My Dream Job-- a persuasive writing assignment

My dream job is Therapist

Dear Sarah, I am applying to become a therapist because that has always been my dream job ever since I first got into the system and realized people out there have life harder than I do. My first program worked hard on my leadership skills because I was a mentor of my group of my girls had to go to me for their problems and I learned that I am really good at talking and supporting and helping people. No matter what the situation was I could help. So I feel like I would be a really good therapist because I have alot of experiences that I could probably relate to some experiences kids go through. I know what I have to do to get their, even though I am only in the 10th grade I can start on educating myself now. In one of my classes I am learning about how the brain works and about some of things that we do is because of how we use our brain.

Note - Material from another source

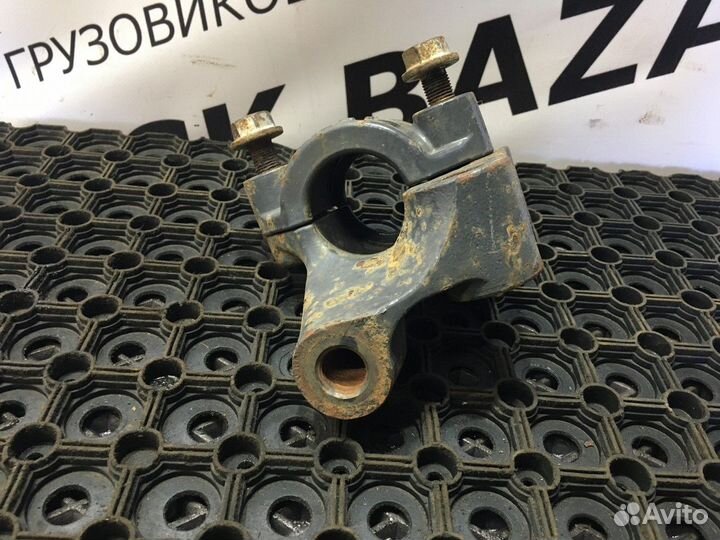 Кронштейн переднего амортизатора Renault Premium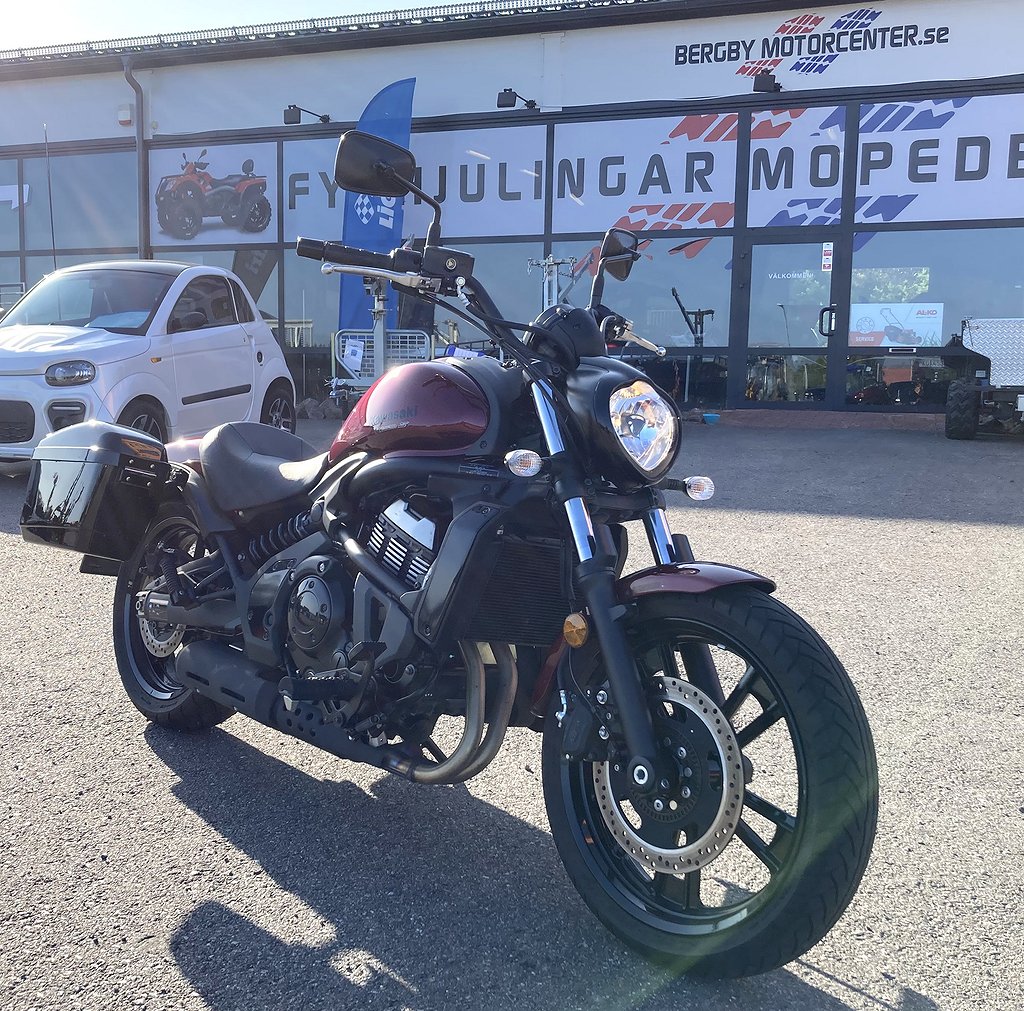 Kawasaki 650 VULCAN S, Packlådor bak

Which is stuff that I will have to know later in life when I persue my career but I know I will have to go to college for a couple of years but I feel like it will all be worth it. I will be able to change lives and I feel like it will all be worth it. I will be able to change lives and I feel like it will only make me stronger person to. Therapy has helped me alot in my life and I know it will help people that want it to help and I will be a support to them and understand them. So that is the career I want and I know that is some thing I am going to be good at.

SW, age 15

My Dream Job-- a persuasive writing assignment

My dream job is NCIS (naval criminal investigation service)

Dear Sarah, you shud hire me because I have had gun training I know governmen infermation & can hack, pick locks & have a gun permit.